While ear infections are never fatal, they can cause serious damage in some children, Pichichero noted. He said 83 percent of U.S. children experience one or more ear infections by age 3 and in some cases hearing loss becomes permanent.
And the infections force children to visit clinics and emergency rooms, and are the leading reason for antibiotic prescriptions. Experts agree antibiotics are overused in the United States, which wastes money and also helps “superbug” bacteria evolve that resist the drugs.
But finally, not all vaccination news is good news. While there is residual anti-vaccine sentiment in the United States for a variety of reasons and across the political spectrum, it’s even worse elsewhere:
For Ramatu Garba, the polio vaccine is part of an evil conspiracy hatched in the West to sterilize Nigerian girls.
“Allah used Muslim scientists to expose the Western plot of using polio vaccines to reduce our population,” said the 28-year-old Muslim food vendor in Kano.
Each time health teams have tried to vaccinate her daughter, Garba has refused.
It’s been three years since local politicians began a campaign of fear and rumor, claiming the polio vaccine would sterilize children. Those unfounded fears still persist today, and it’s this myth, and others like it, that are largely responsible for the spread of polio into almost two dozen other countries where it was once stamped out.
“The world is still paying the price for what happened in Nigeria in 2003,” said Dr.
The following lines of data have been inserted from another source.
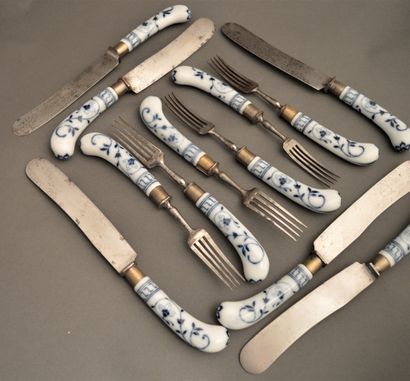 null Ensemble de six fourchettes et couteaux en acier, manche en porcelaine à décor...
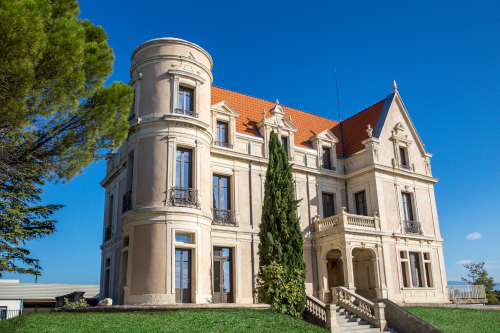 Offices for rent, ranging from 10 to 23 m², in a business incubator in Carpentras, Vaucluse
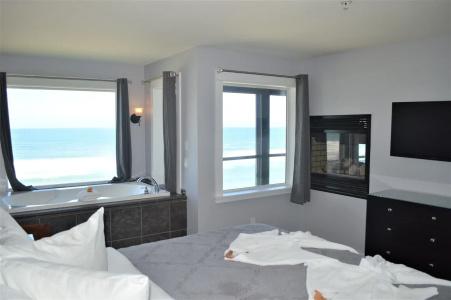 Starfish Manor Oceanfront - 40
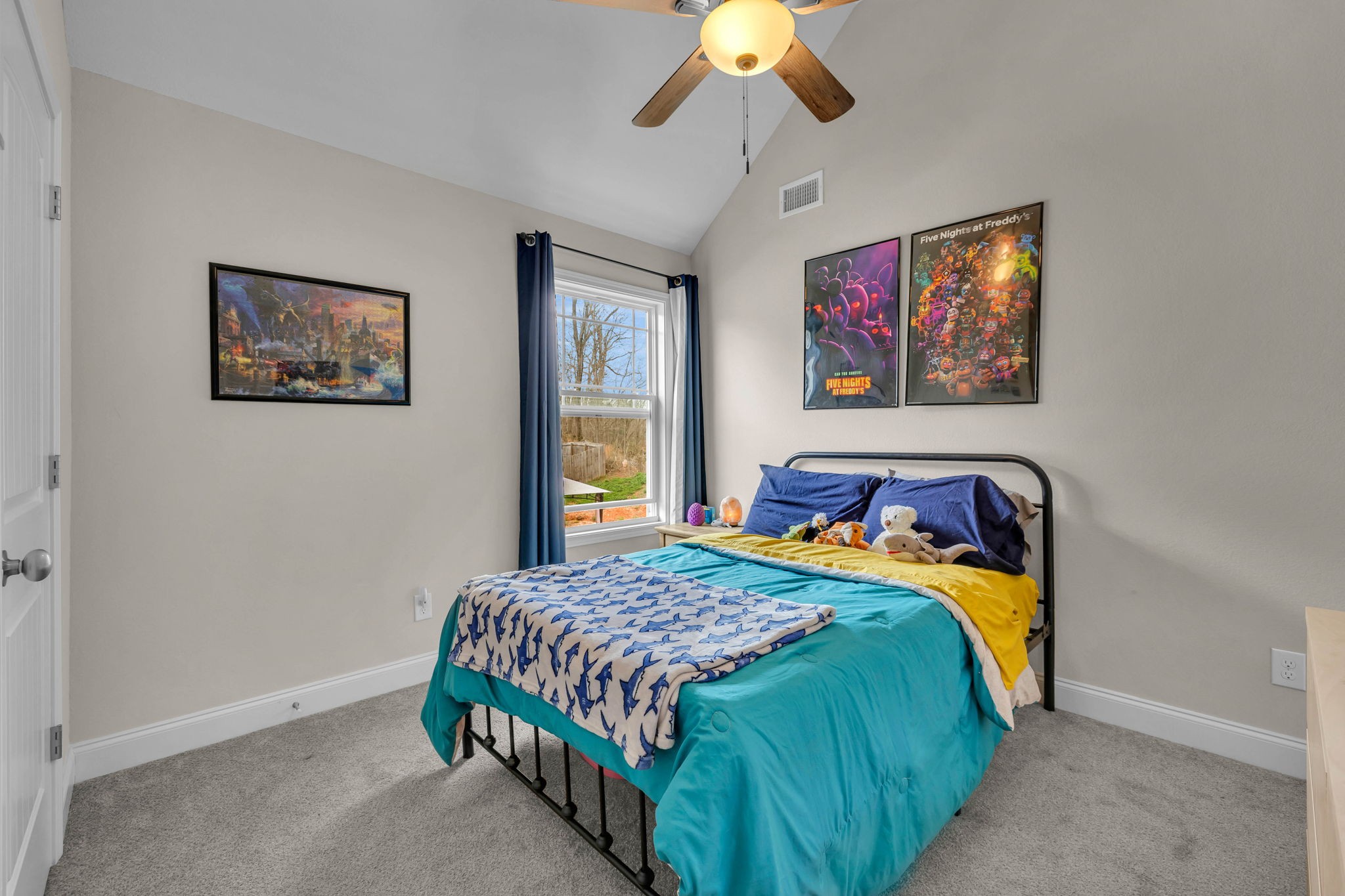 1096 Black Oak Cir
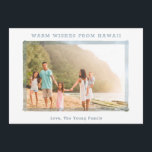 HAWAII FOTO CHRISTMAS CARD | FAMILIE BEACH FOTO FEESTDAGENKAART<br><div class="desc">Warm Wishes van HAWAII (of je eigen staat of favoriete vakantieplaats) - leuke manier om groeten te sturen voor de feestdagen voor oceaanliefhebbers overal! Dit ondergeciteerde, eenvoudige en moderne oceaanblauw en wittewit waterverf lijst is tropisch en grillig en perfect voor een warm weer Kerstmis of vakantieherinneringen. Voeg gewoon je foto...</div>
David Heymann, the top official for polio eradication with the World Health Organization. Most of the new infections in other countries can be traced to Nigeria.
And for those who doubt how effective these vaccines are, Nigeria unfortunately can be used as a natural experiment documenting just how critical they are:
The number of polio cases in Nigeria continues to rise. There were 355 cases in 2003; so far in 2006, there are more than 800 cases, WHO reports.
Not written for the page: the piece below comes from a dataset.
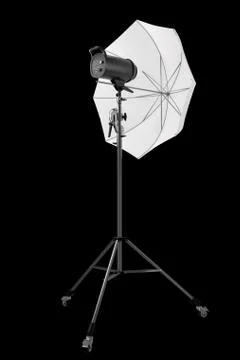 Photography studio lighting stand with flash and umbrella isolated on black Illustrazione stock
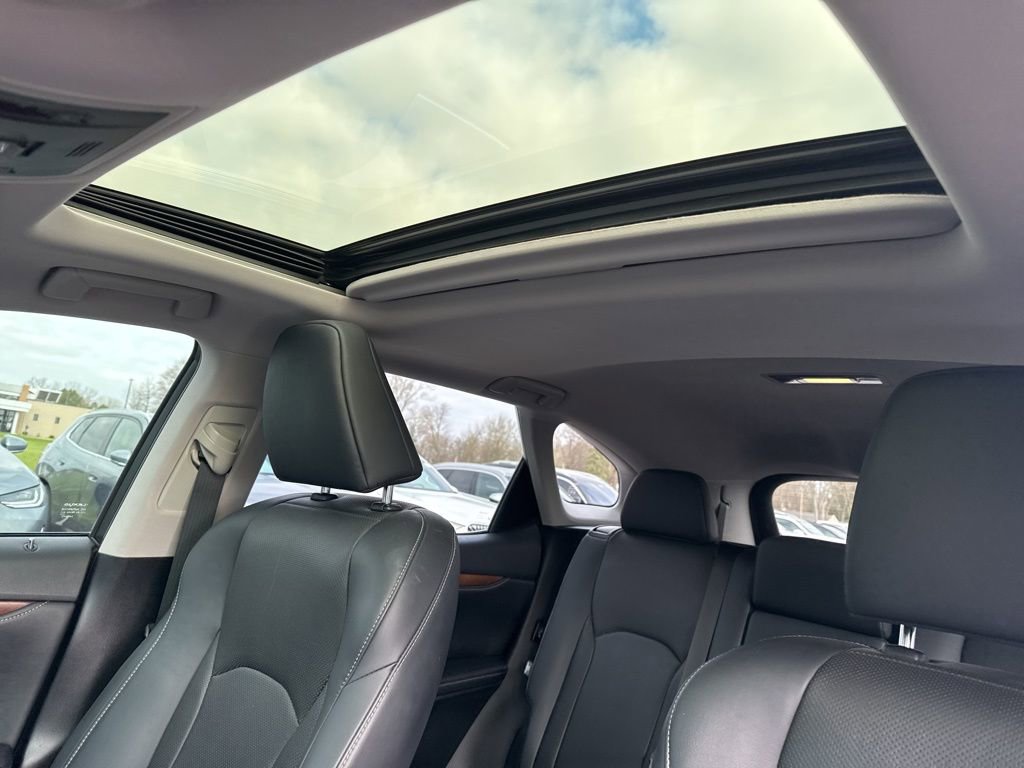 Used 2021 Lexus RX 350L Premium w/ Premium Package image 14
Of course, once trust has been lost, it’s difficult to regain, and the US and Nigeria certainly aren’t the only countries dealing this this:
In Pakistan, a recent court petition — citing Nigerian documents that claim the vaccine contains estrogen — asks the government to end the polio eradication program. In the past, polio vaccinators in Quetta have been stoned and chased out by angry locals.
And in Kenya, there have been devil worship allegations: Parents feared that having their children take the oral vaccine would result in their tongues being magically removed.
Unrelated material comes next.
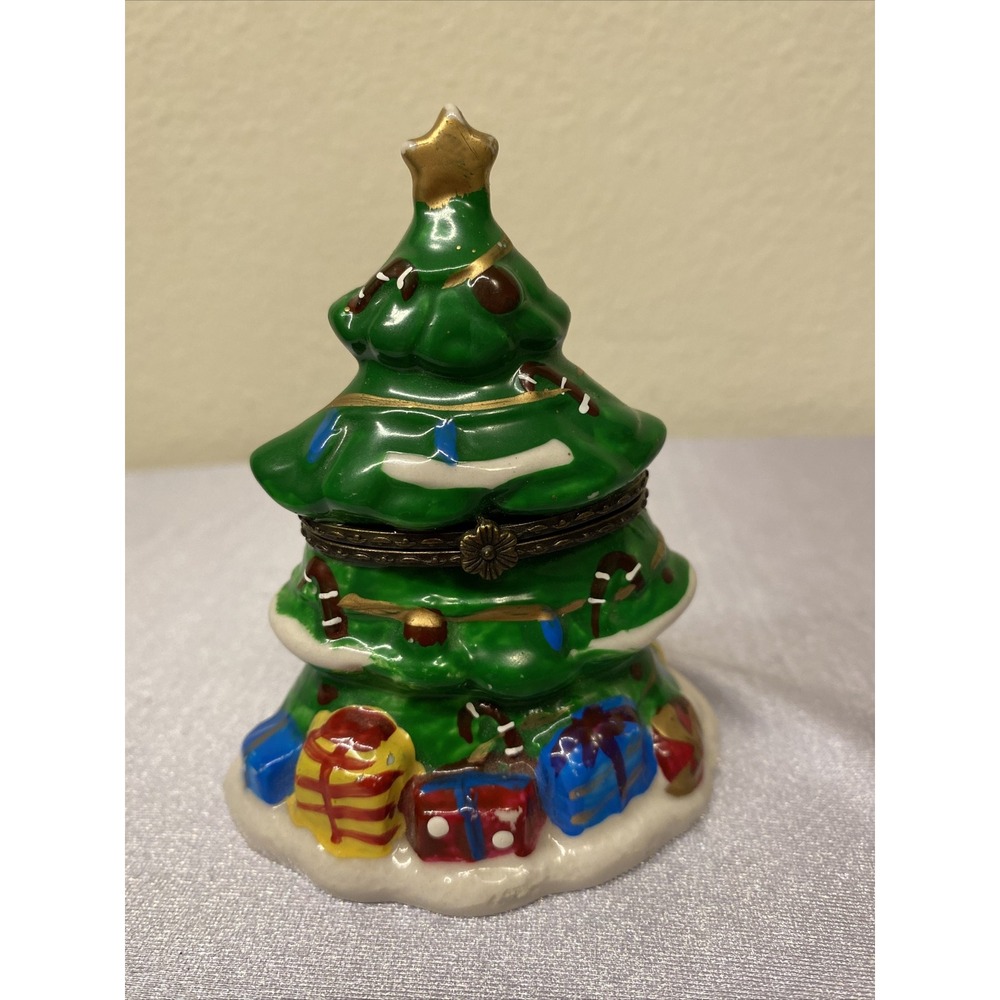 VNTG CHRISTMAS TREE TRINKET BOX/Figurine-3"2/3 H x 3"W x 2" D HINGED PORCELAIN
And it is difficult to quell vaccination rumors once they start. In Nigeria, experts thought the polio vaccine issue was resolved when politicians lifted the vaccine ban in July 2004.
But for Nigerians like Sadiya Musa, the flip-flop causes even more suspicion.
“How can they say the vaccine is bad and then say it is good again?” asked the mother of six, who believes the vaccine causes sterility and HIV/AIDS. “I cannot be deceived.”
How can a public health professional counter an attitude like that?